= Your task =
After going through the data, give the number of lines that contain the word "Black" as your sole answer.

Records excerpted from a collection

= = = = = = =

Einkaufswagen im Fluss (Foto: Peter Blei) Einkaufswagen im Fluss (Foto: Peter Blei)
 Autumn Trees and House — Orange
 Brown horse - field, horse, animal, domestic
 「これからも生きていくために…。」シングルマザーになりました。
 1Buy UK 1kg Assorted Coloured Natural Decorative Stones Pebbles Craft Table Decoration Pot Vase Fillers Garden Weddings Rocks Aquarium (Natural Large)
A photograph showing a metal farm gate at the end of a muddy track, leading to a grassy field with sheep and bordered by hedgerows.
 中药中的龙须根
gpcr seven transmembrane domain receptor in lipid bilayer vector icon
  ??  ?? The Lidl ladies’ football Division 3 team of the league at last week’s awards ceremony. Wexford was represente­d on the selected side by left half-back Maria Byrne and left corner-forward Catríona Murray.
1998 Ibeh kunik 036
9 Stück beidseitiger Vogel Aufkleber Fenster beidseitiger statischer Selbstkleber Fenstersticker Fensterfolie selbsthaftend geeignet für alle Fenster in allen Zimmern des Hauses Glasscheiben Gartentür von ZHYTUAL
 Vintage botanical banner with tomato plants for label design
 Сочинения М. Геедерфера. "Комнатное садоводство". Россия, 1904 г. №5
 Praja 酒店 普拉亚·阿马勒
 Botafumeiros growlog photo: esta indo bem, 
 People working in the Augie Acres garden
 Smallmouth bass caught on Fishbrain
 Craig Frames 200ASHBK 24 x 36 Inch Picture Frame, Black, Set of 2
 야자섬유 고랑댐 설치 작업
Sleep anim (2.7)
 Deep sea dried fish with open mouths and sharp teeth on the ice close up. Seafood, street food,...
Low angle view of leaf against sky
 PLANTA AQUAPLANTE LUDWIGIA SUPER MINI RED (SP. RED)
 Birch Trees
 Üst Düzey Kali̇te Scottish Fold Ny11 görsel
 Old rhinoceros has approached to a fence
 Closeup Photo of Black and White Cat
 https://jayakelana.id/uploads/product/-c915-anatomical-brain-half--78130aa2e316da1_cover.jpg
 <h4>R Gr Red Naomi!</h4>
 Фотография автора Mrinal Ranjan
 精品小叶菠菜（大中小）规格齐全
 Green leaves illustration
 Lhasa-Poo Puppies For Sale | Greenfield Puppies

= = = = = = =

= Your response =
2